M. Freret au contraire soûtient que cette origine est impossible à justifier, & que les caracteres chinois n’ont jamais eu qu’un rapport d’institution avec les choses qu’ils signifient. Voyez son idée sur cette matiere, mém. académiq. des Belles-Lett. tome Vl.

Sans entrer dans cette discussion, nous dirons seulement que par le témoignage des PP. Martini, Magaillans, Gaubil, Semedo, auxquels nous devons joindre M. Fourmont, il paroit prouvé que les Chinois se sont servis des images pour les choses que la peinture peut mettre sous les yeux, & des symboles, pour représenter par allégorie ou par allusion, les choses qui ne le peuvent être par elles-mêmes. Suivant les auteurs que nous venons de nommer, les Chinois ont eu des caracteres représentatifs des choses, pour celles qui ont une forme & des signes arbitraires, pour celles qui n’en ont point. Cette idée ne seroit-elle qu’une conjecture ?

On pourroit peut-être, en distinguant les tems, concilier les deux opinions différentes au sujet des caracteres chinois. Celle qui veut qu’ils ayent été originairement des représentations grossieres des choses, se renfermeroit dans les caracteres inventés par Tsang-kié, & dans ceux qui peuvent avoir de l’analogie avec les choses qui ont une forme ; & la tradition des critiques chinois, citée par M. Freret, qui regarde les caracteres comme des signes arbitraires dans leur origine, remonteroit jusqu’aux caracteres inventés sous Chun.

Quoi qu’il en soit : s’il est vrai que les caracteres chinois ayent essuyé mille variations, comme on n’en peut douter, il n’est plus possible de reconnoître comment ils proviennent d’une écriture qui n’a été qu’une simple peinture ; mais il n’en est pas moins vraissemblable que l’écriture des Chinois a dû commencer comme celle des Egyptiens. Article de M. le Chevalier de Jaucourt.

Ecriture des Egyptiens, (Histoire anc.) Les Egyptiens ont eu différens genres & différentes especes d’écritures, suivant l’ordre du tems dans lequel chacune a été inventée ou perfectionnée. Comme toutes ces différentes sortes d’écritures ont été confondues par les anciens auteurs & par la plûpart des modernes, il est important de les bien distinguer, d’après M. Warburthon, qui le premier a répandu la lumiere sur cette partie de l’ancienne littérature. On peut rapporter toutes les écritures des Egyptiens à quatre sortes : indiquons-les par ordre.

1°. L’hiéroglyphique, qui se subdivisoit en curiologique, dont l’écritûre étoit plus grossiere ; & en tropique, où il paroissoit plus d’art.

2°. La symbolique, qui étoit double aussi ; l’une plus simple, & tropique ; l’autre plus mystérieuse, & allégorique.

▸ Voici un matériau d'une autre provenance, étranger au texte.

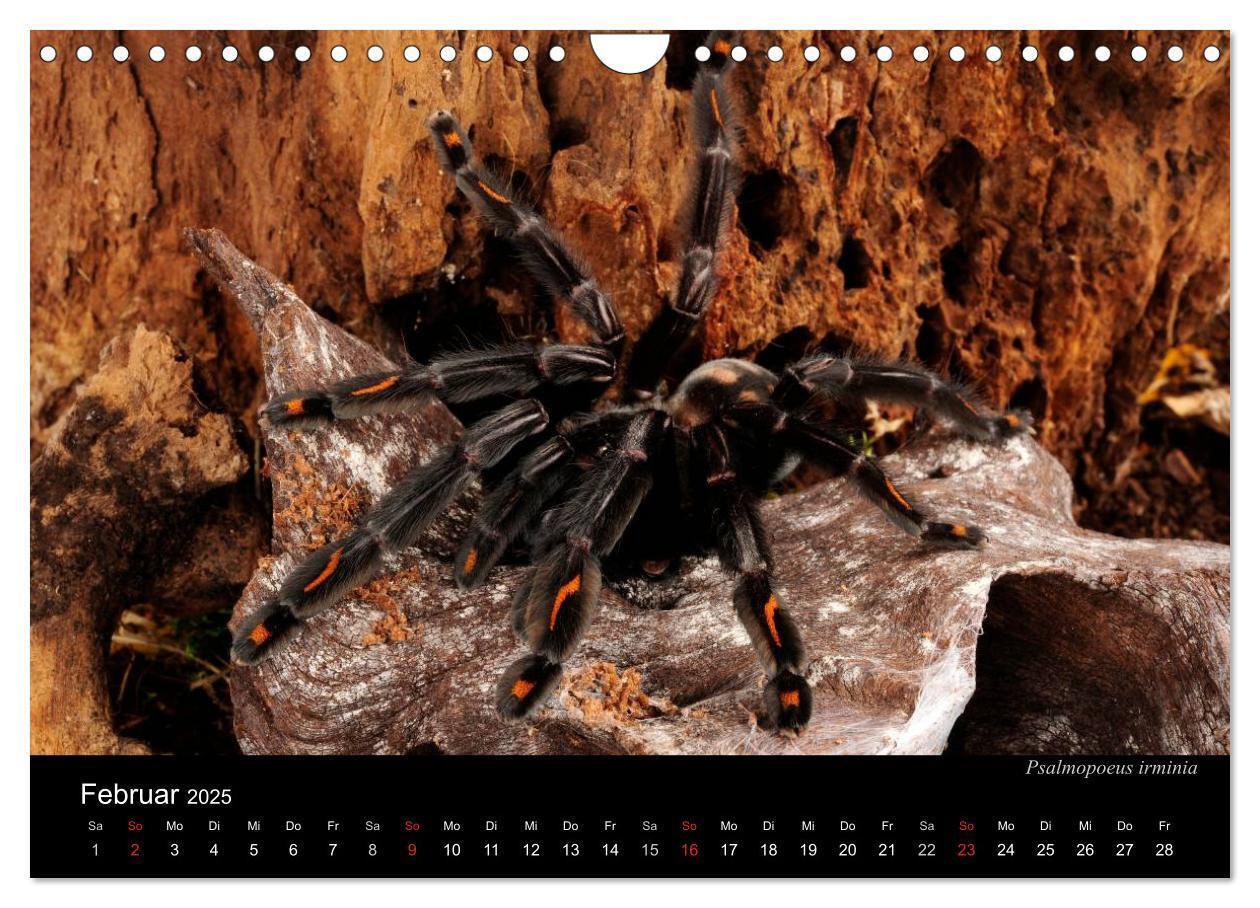 Bild: 9783435776313 | Vogelspinnen - Tarantulas (Wandkalender 2025 DIN A4 quer), CALVENDO...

Ces deux écritures, l’hiéroglyphique & la symbolique, qui ont été connues sous le terme générique d’hiéroglyphes, que l’on distinguoit en hiéroglyphes propres & en hiéroglyphes symboliques, n’étoient pas formées avec les lettres d’un alphabet ; mais elles l’étoient par des marques ou caracteres qui tenoient lieu des choses, & non des mots.